Interactive analysis notebook for exploring implicit bias of different optimizers.

In [None]:
import sys
sys.path.insert(0, '..')

import torch
import torch.nn as nn
import numpy as np
import matplotlib.pyplot as plt
import seaborn as sns

from src.models import LinearModel, ShallowMLP, DeepMLP
from src.optimizers import get_optimizer, FullBatchGD, Lion
from src.metrics import (
    MetricsTracker, compute_weight_norms, compute_margin,
    compute_accuracy, compute_margin_ratios
)
from src.data import (
    generate_linearly_separable, generate_xor_data,
    generate_spiral_data, get_dataset
)
from src.visualization import (
    plot_training_curves, plot_decision_boundary,
    plot_multi_decision_boundaries, plot_margin_comparison
)

plt.style.use('seaborn-v0_8-whitegrid')
%matplotlib inline

print('Setup complete!')

## 1. Quick Demo: Linear Model on Separable Data

In [None]:
# Generate data
X, y = generate_linearly_separable(n_samples=100, dim=2, margin=1.0, seed=42)

# Visualize
plt.figure(figsize=(8, 6))
plt.scatter(X[y > 0, 0], X[y > 0, 1], c='blue', label='+1', edgecolors='white')
plt.scatter(X[y < 0, 0], X[y < 0, 1], c='red', label='-1', edgecolors='white')
plt.xlabel('x₁')
plt.ylabel('x₂')
plt.title('Linearly Separable Data')
plt.legend()
plt.show()

In [None]:
def train_and_compare(X, y, epochs=2000, lr=0.01):
    """Train with multiple optimizers and compare."""
    optimizers = ['gd', 'sgd', 'adam', 'lion']
    results = {}
    models = {}
    
    for opt_name in optimizers:
        # Fresh model
        model = LinearModel(input_dim=X.shape[1], output_dim=1, bias=False)
        torch.manual_seed(42)
        nn.init.normal_(model.linear.weight, std=0.01)
        
        optimizer = get_optimizer(opt_name, model.parameters(), lr=lr)
        loss_fn = nn.BCEWithLogitsLoss()
        y_bce = (y + 1) / 2
        
        history = {'loss': [], 'margin': [], 'norm_l2': [], 'norm_linf': []}
        
        for epoch in range(epochs):
            optimizer.zero_grad()
            outputs = model(X).squeeze()
            loss = loss_fn(outputs, y_bce)
            loss.backward()
            optimizer.step()
            
            if epoch % 100 == 0:
                l2, linf = compute_weight_norms(model)
                margin = compute_margin(model, X, y, normalize=True)
                history['loss'].append(loss.item())
                history['margin'].append(margin)
                history['norm_l2'].append(l2)
                history['norm_linf'].append(linf)
        
        results[opt_name] = history
        models[opt_name] = model
        
        l2_ratio, linf_ratio = compute_margin_ratios(model, X, y)
        print(f"{opt_name.upper():>5}: ℓ2-ratio={l2_ratio:.4f}, ℓ∞-ratio={linf_ratio:.4f}")
    
    return results, models

results, models = train_and_compare(X, y)

In [None]:
# Plot training dynamics
fig, axes = plt.subplots(2, 2, figsize=(12, 10))

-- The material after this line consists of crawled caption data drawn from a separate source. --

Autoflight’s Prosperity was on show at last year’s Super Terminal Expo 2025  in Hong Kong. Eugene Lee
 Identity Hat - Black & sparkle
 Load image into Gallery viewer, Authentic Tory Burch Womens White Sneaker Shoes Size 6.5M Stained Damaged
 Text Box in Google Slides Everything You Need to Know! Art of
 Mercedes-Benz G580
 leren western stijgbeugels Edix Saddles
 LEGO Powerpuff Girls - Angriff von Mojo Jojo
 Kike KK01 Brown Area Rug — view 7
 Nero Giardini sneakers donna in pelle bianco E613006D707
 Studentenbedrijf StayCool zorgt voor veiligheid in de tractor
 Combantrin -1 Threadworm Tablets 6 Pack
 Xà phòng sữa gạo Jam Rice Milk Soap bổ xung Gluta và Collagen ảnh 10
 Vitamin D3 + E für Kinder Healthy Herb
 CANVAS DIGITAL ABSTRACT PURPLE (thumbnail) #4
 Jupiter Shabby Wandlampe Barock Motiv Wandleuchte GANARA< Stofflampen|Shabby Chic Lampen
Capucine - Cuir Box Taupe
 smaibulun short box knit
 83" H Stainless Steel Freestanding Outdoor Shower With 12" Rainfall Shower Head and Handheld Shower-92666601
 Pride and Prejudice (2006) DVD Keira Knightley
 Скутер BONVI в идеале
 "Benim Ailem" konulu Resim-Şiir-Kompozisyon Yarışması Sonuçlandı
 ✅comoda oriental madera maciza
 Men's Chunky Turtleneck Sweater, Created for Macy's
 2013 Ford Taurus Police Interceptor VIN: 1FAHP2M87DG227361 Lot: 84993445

for opt_name, history in results.items():
    epochs = range(0, len(history['loss']) * 100, 100)
    axes[0, 0].plot(epochs, history['loss'], label=opt_name.upper())
    axes[0, 1].plot(epochs, history['margin'], label=opt_name.upper())
    axes[1, 0].plot(epochs, history['norm_l2'], label=opt_name.upper())
    axes[1, 1].plot(epochs, history['norm_linf'], label=opt_name.upper())

axes[0, 0].set_title('Training Loss'); axes[0, 0].set_xlabel('Epoch'); axes[0, 0].legend()
axes[0, 1].set_title('Normalized Margin'); axes[0, 1].set_xlabel('Epoch'); axes[0, 1].legend()
axes[1, 0].set_title('Weight Norm (ℓ₂)'); axes[1, 0].set_xlabel('Epoch'); axes[1, 0].legend()
axes[1, 1].set_title('Weight Norm (ℓ∞)'); axes[1, 1].set_xlabel('Epoch'); axes[1, 1].legend()

plt.tight_layout()
plt.show()

In [None]:
# Decision boundaries comparison
plot_multi_decision_boundaries(models, X, y)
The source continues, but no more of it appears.